Simpson came to America in 1881, arriving in New York City on the ship Assyria.
He then located at St. Louis, Missouri, where he accepted a position with James Stewart, a pioneer architect and builder of that city.
After meeting with success in his first venture in this country, he relocated to Mississippi to become foreman for Tom Packer, an extensive contractor and builder of that state.
Mr. Simpson later moved to Birmingham to become a skillful architect and draughtsman in the office of Sutliff, Armstrong & Wilcott, one of the big architecture firms of the day.
He was subsequently made construction foreman for the Carolina Real Estate and Construction Company of Bessemer and was active in the building of that booming city.
On July 21, 1889, he married Annie Bertha Ansley (1872–1935) in Birmingham. He died in Attalla on February 5, 1935 and is buried in Forrest Cemetery.
Alexander Duncan Simpson became a well-known architect in Gadsden. In just a short time after he located here in 1888, he became the leading architect and builder of the city.
He designed the Dwight Cotton Mill in 1895, with homes for officers and cottages for the workmen, several high schools and elementary schools and many residences.

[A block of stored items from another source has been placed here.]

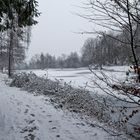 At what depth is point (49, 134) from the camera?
797 cm

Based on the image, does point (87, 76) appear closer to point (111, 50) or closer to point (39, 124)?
point (39, 124)

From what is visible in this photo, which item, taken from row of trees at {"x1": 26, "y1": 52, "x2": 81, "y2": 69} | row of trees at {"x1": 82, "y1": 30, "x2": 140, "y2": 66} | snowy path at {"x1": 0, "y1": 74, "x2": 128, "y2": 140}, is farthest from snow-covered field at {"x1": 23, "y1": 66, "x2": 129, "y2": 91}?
row of trees at {"x1": 26, "y1": 52, "x2": 81, "y2": 69}

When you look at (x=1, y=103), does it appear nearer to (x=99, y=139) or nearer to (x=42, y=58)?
(x=99, y=139)

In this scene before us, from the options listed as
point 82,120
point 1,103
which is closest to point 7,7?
point 1,103

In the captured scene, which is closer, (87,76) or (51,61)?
(87,76)

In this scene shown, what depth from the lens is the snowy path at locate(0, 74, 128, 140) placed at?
7.82 metres

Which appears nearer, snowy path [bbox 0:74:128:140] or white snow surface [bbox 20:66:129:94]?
white snow surface [bbox 20:66:129:94]

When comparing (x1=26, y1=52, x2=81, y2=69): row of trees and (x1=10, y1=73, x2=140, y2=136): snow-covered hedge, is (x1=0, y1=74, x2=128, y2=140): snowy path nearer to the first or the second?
(x1=10, y1=73, x2=140, y2=136): snow-covered hedge

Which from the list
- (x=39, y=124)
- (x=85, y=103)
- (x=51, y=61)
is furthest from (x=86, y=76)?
(x=51, y=61)

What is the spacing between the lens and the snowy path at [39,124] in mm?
7820

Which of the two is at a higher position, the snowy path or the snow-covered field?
the snow-covered field

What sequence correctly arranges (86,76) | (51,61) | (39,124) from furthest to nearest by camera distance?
(51,61), (39,124), (86,76)

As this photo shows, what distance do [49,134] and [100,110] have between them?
11.6ft

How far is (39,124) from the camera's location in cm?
863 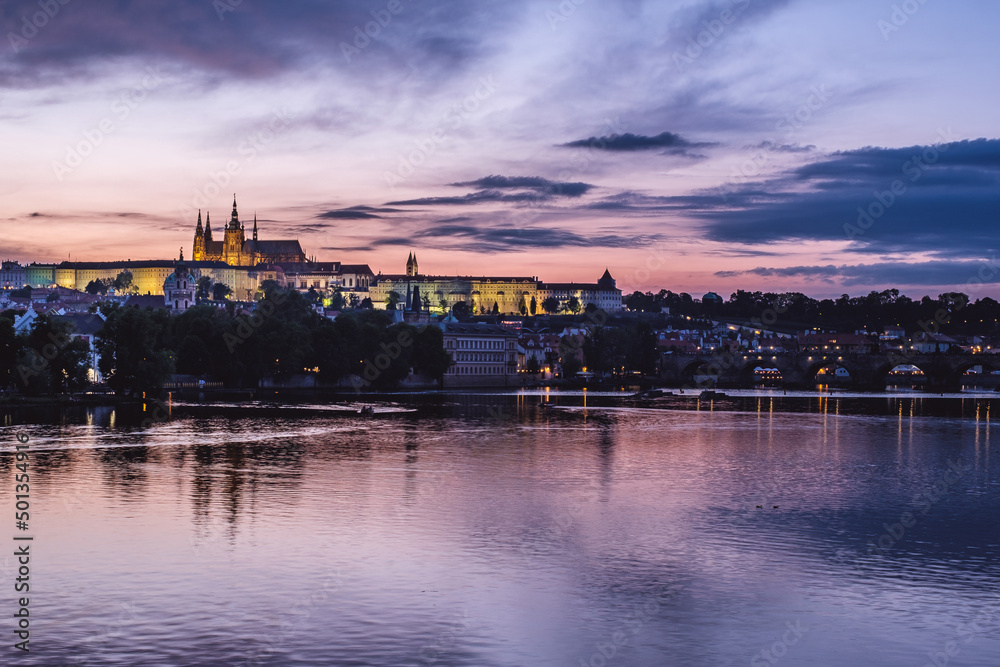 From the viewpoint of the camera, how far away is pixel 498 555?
21.2m

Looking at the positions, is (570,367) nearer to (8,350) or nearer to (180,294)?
(180,294)

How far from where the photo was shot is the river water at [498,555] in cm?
1555

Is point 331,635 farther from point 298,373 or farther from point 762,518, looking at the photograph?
point 298,373

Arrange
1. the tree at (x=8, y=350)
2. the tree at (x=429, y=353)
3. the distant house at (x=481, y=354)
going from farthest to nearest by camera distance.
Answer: the distant house at (x=481, y=354) < the tree at (x=429, y=353) < the tree at (x=8, y=350)

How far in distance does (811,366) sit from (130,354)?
90639mm

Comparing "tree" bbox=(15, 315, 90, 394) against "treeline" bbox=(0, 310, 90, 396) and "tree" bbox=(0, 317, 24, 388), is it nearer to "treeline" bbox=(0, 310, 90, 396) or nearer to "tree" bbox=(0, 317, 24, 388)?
"treeline" bbox=(0, 310, 90, 396)

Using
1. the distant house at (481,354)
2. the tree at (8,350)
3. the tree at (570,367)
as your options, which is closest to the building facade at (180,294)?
the distant house at (481,354)

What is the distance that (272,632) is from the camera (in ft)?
51.9

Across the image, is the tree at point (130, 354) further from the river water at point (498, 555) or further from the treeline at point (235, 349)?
the river water at point (498, 555)

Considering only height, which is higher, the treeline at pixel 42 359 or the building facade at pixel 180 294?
the building facade at pixel 180 294

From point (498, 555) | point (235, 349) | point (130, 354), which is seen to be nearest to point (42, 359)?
point (130, 354)

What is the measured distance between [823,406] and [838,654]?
230ft

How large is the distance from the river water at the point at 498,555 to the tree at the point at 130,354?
2315 centimetres

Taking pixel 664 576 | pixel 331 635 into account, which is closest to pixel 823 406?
pixel 664 576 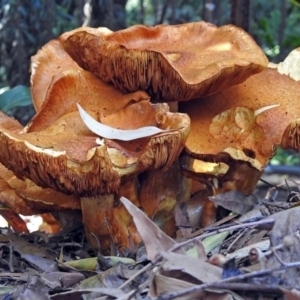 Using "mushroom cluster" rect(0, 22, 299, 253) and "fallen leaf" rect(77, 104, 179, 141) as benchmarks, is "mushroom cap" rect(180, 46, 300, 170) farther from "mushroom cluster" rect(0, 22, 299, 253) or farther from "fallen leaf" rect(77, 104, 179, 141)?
"fallen leaf" rect(77, 104, 179, 141)

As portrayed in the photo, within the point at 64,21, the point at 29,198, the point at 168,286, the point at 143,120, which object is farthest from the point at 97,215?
the point at 64,21

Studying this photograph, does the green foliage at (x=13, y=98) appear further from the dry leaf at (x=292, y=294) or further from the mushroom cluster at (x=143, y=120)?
the dry leaf at (x=292, y=294)

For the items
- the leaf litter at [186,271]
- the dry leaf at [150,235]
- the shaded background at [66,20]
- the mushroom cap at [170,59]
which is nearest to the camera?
the leaf litter at [186,271]

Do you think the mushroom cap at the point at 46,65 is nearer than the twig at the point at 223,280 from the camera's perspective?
No

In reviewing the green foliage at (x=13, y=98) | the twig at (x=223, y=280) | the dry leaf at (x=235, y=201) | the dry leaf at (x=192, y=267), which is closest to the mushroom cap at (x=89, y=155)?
the dry leaf at (x=235, y=201)

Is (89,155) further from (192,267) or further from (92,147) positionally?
(192,267)

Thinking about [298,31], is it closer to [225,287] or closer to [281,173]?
[281,173]

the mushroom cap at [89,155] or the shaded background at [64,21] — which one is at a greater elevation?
the mushroom cap at [89,155] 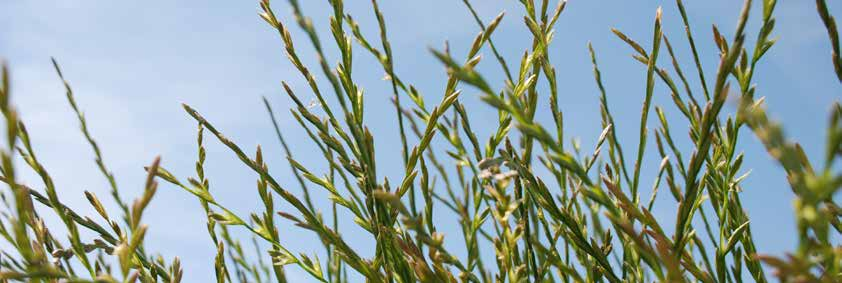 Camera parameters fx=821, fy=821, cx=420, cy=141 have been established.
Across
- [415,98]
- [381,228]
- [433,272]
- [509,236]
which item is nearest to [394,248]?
[381,228]

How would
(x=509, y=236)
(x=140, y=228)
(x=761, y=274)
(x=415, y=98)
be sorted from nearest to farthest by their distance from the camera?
(x=140, y=228) < (x=509, y=236) < (x=761, y=274) < (x=415, y=98)

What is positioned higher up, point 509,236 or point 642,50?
point 642,50

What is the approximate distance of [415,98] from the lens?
5.31 ft

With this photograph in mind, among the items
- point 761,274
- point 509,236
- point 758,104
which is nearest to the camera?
point 509,236

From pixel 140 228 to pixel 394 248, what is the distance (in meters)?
0.46

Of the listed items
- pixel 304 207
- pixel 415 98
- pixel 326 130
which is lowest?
pixel 304 207

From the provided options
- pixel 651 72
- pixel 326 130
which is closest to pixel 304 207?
pixel 326 130

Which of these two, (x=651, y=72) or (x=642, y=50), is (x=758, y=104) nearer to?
(x=651, y=72)

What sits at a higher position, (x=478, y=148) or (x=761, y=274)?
(x=478, y=148)

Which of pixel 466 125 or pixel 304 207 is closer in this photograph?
pixel 304 207

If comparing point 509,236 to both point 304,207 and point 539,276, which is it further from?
point 304,207

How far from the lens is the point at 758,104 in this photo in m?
1.23

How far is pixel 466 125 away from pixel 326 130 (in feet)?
0.93

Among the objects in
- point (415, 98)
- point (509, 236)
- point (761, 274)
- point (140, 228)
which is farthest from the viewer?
point (415, 98) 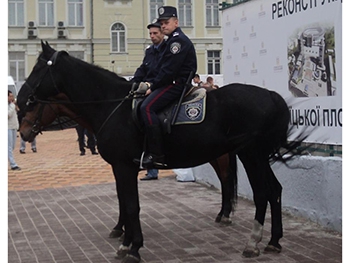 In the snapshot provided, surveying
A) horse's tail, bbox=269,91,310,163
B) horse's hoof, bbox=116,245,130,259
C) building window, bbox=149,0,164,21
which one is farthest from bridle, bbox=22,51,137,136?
building window, bbox=149,0,164,21

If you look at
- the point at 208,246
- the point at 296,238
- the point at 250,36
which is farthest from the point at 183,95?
the point at 250,36

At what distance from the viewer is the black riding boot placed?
6.18 metres

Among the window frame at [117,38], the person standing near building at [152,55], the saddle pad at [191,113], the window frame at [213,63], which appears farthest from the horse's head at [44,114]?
the window frame at [213,63]

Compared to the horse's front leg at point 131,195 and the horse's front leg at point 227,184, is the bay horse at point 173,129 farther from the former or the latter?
the horse's front leg at point 227,184

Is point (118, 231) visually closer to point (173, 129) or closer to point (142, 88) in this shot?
point (173, 129)

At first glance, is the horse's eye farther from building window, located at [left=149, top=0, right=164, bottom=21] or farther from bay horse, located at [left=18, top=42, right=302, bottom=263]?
building window, located at [left=149, top=0, right=164, bottom=21]

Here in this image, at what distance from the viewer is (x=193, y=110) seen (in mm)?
6348

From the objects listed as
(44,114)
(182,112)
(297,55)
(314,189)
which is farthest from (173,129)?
(297,55)

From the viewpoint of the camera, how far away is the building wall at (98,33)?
1683 inches

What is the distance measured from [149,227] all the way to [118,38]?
124ft

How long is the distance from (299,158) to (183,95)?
99.0 inches

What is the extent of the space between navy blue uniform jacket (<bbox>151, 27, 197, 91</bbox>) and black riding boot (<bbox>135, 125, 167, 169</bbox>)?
0.51 m

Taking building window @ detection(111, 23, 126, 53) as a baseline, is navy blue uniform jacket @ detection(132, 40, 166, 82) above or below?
below

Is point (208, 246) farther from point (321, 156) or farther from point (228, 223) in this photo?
point (321, 156) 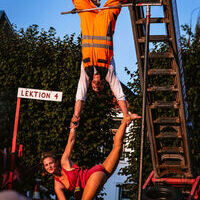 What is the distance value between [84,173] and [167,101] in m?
3.91

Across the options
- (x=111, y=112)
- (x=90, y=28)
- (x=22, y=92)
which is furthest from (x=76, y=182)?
(x=111, y=112)

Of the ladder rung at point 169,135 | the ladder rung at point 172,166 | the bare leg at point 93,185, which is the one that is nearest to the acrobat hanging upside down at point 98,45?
the bare leg at point 93,185

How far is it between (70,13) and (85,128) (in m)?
7.08

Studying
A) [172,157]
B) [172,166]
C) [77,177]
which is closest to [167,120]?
[172,157]

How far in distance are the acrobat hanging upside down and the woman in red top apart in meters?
0.53

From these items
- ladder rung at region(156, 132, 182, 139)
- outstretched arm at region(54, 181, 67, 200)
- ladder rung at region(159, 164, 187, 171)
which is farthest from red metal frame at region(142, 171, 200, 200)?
outstretched arm at region(54, 181, 67, 200)

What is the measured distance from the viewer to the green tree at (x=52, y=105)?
496 inches

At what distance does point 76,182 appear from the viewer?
5965 millimetres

He had drawn the plans for more than 300 houses for employees of the Dwight Manufacturing Company in Alabama City and supervised their construction. No two of those houses were exactly alike. He designed the old Fifth Street city hall, the Carnegie Library, the Masonic Temple and numerous homes and business houses.
He also planned the 11th Street School, built in 1907. It was one of the earliest elementary schools in Gadsden and is the only local surviving school building of that era. This two-story, red-brick structure has solid masonry exterior walls and an entrance which features limestone columns, an entablature of the Ionic order and a Palladian-style window. In 1926, Simpson designed an additional eight classrooms and a lunchroom.
In 1894 the Episcopal church was in the new church building on the corner of Chestnut and Sixth streets, designed by Simpson.
Beginning in 1903, Simpson made plans for a decided enlargement of the works of the Gadsden Pipe and Foundry Company. That year he held bids for the new First Methodist Church of Attalla.
He also completed the plans and constructed the old First Baptist Church on Broad and Seventh streets.
The Farmer and Merchant Bank of Attalla was planned and built by him.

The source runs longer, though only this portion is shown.